Zaman'dan Nuriye Akman'ın Taraf Gazetesi Yazarı Önder Aytaç'la yaptığı röportajın ilgili bölümü...
-İbrahim Şahin "Bana müsteşarlık teklif edildi" gibi bir yalanı ne cesaretle söylüyor?
-Yalan değil. Söylediği isimler önemli. Bekir Uğurlu paşaya sorun, teklif etmiş mi, etmemiş mi? Dostum Metin Gürak paşaya sorun, halkla ilişkiler ve medyadan sorumlu daire başkanı, acaba konuşmamışlar mı? Ve sonra yeni kurulacak olan güvenlik müsteşarlığı dediğimiz yapı çok da öyle önemli bir birim değildir ki. Başta Jandarma ve Emniyet'i bir araya getirip, hakikaten sivil otoriteye bağlı bir kurum oluşturuluyor gibi yapıldı, sonradan da kof, içi boş bir yapı oluşturuldu, hiçbir işe yaramayacak.
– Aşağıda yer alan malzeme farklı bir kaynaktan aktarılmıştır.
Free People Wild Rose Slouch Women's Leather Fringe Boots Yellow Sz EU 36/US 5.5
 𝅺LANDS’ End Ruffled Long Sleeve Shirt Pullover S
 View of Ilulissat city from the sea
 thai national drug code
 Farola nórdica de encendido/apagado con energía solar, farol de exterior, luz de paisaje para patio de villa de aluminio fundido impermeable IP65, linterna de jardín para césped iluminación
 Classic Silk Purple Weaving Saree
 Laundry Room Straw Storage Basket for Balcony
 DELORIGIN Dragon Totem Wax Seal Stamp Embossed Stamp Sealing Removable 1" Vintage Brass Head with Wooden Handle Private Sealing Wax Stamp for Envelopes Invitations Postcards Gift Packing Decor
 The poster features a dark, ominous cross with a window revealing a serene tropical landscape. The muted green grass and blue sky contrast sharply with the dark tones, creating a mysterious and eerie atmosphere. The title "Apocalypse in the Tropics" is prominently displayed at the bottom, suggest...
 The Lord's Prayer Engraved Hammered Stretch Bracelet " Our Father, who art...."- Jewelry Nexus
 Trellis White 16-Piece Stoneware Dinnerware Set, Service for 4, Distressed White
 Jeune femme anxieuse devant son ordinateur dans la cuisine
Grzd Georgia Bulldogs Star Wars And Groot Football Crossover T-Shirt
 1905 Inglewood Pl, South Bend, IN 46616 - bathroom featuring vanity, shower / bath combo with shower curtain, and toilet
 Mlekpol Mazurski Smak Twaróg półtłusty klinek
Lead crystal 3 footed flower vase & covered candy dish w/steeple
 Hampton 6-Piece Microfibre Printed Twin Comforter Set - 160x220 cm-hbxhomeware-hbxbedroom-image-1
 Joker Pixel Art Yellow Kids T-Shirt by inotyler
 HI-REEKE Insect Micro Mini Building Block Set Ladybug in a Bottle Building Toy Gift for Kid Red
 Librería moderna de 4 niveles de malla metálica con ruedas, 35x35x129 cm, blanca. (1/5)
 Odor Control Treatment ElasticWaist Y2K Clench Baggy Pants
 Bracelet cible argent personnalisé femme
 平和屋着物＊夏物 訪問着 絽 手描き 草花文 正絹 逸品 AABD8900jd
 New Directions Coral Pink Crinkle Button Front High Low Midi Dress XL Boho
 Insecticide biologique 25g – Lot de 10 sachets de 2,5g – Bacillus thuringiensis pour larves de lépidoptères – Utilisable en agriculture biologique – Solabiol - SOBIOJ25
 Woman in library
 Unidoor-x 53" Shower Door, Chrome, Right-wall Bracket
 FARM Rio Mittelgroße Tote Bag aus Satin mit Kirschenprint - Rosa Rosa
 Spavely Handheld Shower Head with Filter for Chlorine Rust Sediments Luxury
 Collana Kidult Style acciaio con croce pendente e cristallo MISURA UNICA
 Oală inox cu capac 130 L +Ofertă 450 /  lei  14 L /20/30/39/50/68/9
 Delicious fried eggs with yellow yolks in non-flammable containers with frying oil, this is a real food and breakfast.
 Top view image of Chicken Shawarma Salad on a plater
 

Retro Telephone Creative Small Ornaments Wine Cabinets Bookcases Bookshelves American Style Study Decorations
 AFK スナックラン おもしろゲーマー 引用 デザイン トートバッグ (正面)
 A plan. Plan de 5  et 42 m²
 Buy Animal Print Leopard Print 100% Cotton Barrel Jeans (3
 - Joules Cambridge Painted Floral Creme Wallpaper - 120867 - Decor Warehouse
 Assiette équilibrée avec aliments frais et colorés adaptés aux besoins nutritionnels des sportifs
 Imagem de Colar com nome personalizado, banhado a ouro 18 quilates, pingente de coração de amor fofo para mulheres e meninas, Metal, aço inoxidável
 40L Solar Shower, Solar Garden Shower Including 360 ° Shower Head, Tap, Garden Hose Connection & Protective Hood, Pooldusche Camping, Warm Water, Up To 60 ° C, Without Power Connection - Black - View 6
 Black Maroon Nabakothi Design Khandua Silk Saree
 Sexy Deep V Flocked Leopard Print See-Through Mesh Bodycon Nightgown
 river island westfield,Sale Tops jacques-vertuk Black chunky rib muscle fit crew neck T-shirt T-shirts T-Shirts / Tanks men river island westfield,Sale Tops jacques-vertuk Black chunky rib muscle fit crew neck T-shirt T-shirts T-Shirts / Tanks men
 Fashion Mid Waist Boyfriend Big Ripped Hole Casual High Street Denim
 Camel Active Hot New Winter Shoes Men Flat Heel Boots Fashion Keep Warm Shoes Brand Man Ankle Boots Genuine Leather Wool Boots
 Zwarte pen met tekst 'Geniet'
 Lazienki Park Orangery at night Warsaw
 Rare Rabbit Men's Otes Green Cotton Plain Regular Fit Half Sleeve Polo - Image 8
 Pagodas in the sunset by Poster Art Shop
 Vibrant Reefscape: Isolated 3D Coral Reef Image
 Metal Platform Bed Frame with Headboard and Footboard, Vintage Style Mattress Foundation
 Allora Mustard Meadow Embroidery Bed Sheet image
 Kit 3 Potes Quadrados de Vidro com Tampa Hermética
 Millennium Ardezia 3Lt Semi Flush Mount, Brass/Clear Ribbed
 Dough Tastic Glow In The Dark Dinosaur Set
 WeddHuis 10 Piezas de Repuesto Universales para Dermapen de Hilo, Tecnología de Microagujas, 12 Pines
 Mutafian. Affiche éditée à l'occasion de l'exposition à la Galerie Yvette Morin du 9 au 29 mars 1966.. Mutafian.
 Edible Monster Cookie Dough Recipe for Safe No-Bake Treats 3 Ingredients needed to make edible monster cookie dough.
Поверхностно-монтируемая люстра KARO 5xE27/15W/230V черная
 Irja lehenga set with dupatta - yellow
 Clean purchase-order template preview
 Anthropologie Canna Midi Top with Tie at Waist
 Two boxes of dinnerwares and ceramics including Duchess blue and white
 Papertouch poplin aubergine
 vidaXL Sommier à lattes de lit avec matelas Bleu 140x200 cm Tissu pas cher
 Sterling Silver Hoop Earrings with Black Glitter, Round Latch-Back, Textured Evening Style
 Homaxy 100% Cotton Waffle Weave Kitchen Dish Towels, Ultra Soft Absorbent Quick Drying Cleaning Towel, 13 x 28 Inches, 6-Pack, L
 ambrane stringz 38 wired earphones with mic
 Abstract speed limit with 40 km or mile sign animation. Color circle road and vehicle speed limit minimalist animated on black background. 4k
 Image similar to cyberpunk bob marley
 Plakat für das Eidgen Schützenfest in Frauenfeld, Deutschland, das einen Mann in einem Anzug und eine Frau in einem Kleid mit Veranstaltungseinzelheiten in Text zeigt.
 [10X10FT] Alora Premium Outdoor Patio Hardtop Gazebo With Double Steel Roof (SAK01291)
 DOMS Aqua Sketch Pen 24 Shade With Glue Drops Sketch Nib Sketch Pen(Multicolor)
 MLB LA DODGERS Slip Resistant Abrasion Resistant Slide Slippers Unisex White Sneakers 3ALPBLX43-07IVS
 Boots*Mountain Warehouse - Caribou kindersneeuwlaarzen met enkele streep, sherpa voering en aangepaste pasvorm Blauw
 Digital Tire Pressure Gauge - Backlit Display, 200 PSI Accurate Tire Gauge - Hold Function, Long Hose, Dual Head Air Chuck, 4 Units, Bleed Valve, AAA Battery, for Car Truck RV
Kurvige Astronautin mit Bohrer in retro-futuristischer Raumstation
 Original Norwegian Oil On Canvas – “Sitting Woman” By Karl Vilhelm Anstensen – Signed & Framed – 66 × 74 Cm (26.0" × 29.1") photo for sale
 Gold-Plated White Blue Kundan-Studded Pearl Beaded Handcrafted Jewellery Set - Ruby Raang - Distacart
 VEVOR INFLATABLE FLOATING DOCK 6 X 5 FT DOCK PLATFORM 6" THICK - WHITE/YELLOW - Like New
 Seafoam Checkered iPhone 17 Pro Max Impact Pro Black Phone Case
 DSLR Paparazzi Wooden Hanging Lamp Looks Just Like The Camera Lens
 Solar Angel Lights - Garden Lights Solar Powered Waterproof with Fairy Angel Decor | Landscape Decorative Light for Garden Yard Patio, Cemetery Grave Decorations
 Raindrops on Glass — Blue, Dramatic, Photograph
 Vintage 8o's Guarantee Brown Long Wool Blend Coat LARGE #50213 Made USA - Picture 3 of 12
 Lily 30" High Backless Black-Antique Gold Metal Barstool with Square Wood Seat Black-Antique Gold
Yapılan her türlü yanlıştan dolayı sivillerin hırpalanacağı bir güvenlik müsteşarlığı kavramı oluşturuldu. Ve davul boyunuzda olurken, tokmak başka yerde olacak. İnanılmaz yanlış ve hatalı bir yapı kuruldu.
-"Aktütün baskınını ben haber verdim" derken de doğru mu söylüyor?
-Bence doğru söylüyor. Oturuyorlar ve ne yaparsak işleri daha da karıştırırız ve biz sürekli güçlü gözükürüz ve insanları da keriz yerine koyamaya devam ederiz diyorlar. Çünkü kendilerince vatanı böyle kurtardıklarına inanıyorlar. İlhan Selçuk'un anlatımıyla, bazen vatanı kurtaranlardan kurtulmak çok daha zor oluyor.
-MİT'in "Bu bize resmi değil, sosyal ilişkilerle geldi" açıklaması şık mı?
-Demek ki sosyal ilişkileri çok kuvvetli bir MİT'imiz var. Kayserili işadamına sorulunca 2 artı 2 kaç eder diye, diyor ki alırken mi verirken mi? Demek ki MİT'in sosyal ilişkileri de hariciyeciler gibi çok kuvvetli. Ve aynı belgeden bir yayın organı Tuncay Güney'in MİT elemanı olduğunu, diğeri de JİTEM olduğunu çıkartıyor. Bu bilgileri de Emniyet'ten Adil Serdar Saçan sorgu yaparken topluyor. Enteresan değil mi?
-Silah tarlalarının krokileri gerçekten aramalarda mı çıktı ortaya, yoksa çoktandır biliniyordu da şimdi tozlu raflardan mı indi?
-Hayır aramalarda bulundu onlar. Bu terör örgütü mensupları kendilerini öylesine güvenlikli bir alanda hissediyorlar ki, kendi evlerinde saklayabiliyorlar bu belgeleri. Yani ben hep böyle yaptım. Ben devletim, bana hiç kimse dokunamaz diyor adamlar.
-Yine de bu krokileri evinde saklayacak kadar salak olmamaları gerekmez mi?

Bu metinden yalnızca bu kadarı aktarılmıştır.